Task description:
What are the lines, copied exactly, from the one containing "Magtech 9mm Luger" through the final line of the material? Leave the pictures out.
★ ★ ★ ★
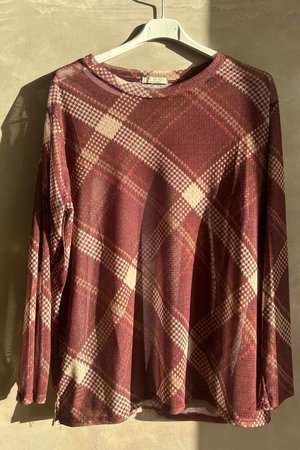 Bobby Mesh Layering Top Plaid Burgundy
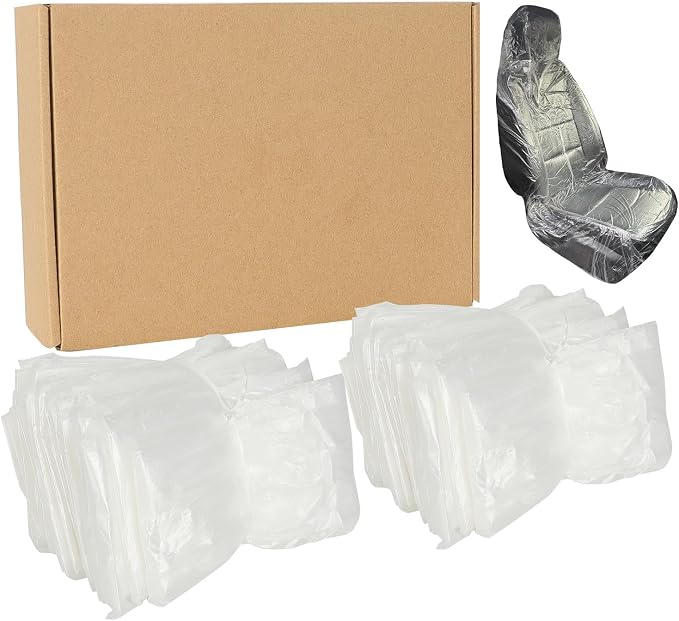 50 PCS Thickened Disposable Plastic Car Seat Covers, 57.1 x 31.5 Inches | Transparent Waterproof Seat Protector, Universal for Airplane Seats, Salon Chair, Restaurant Seats, Bus Seat & Most Vehicles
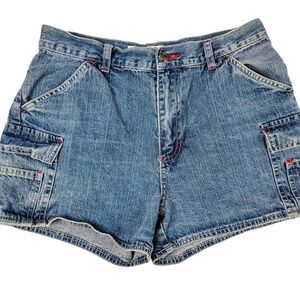 Original Threads Women Denim Cargo Shorts Med Wash Red Contrast Stitch Size 9/10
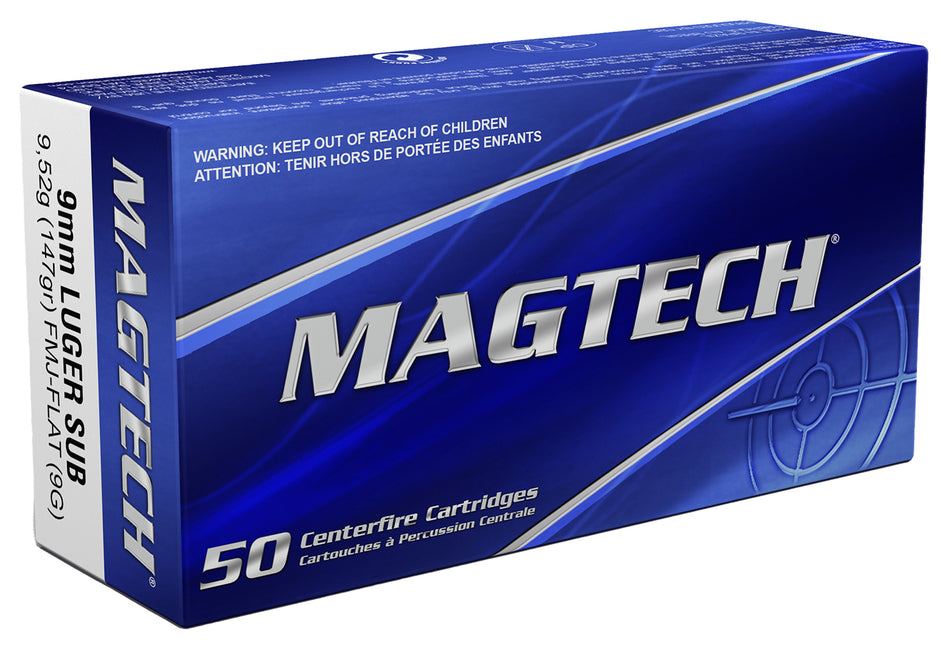 Magtech 9mm Luger 147gr FMJ Flat Subsonic Ammo
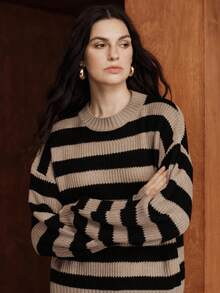 Zovinel Áo len dáng rộng cổ tròn kẻ sọc phối màu đơn giản cho nữ, mùa thu/đông - Nhiều màu - Xem 3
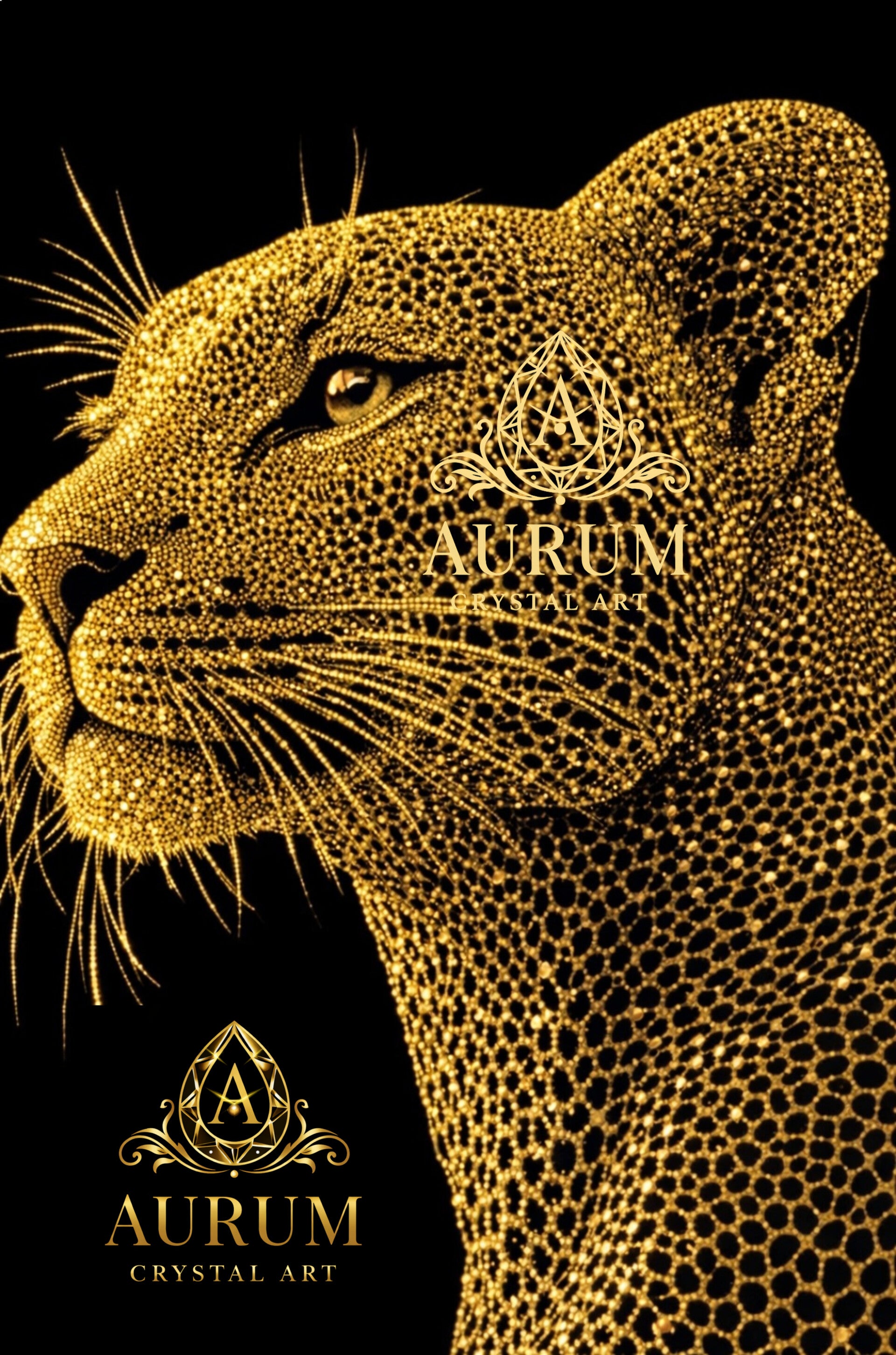 Golden Rhinestone Leopard Canvas Art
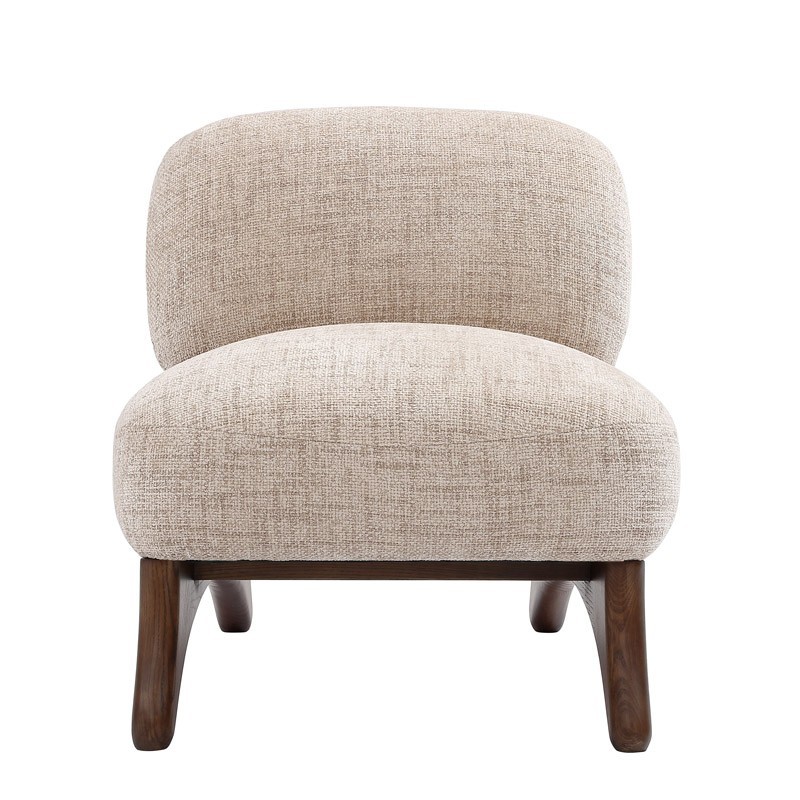 Fauteuil lounge design Mid-Century Moderne WANAKA Tissu Beige Fauteuil lounge design Mid-Century Moderne WANAKA Tissu Beige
★ ★ ★ ★
Written solution:
 Magtech 9mm Luger 147gr FMJ Flat Subsonic Ammo
 Zovinel Áo len dáng rộng cổ tròn kẻ sọc phối màu đơn giản cho nữ, mùa thu/đông - Nhiều màu - Xem 3
 Golden Rhinestone Leopard Canvas Art
 Fauteuil lounge design Mid-Century Moderne WANAKA Tissu Beige Fauteuil lounge design Mid-Century Moderne WANAKA Tissu Beige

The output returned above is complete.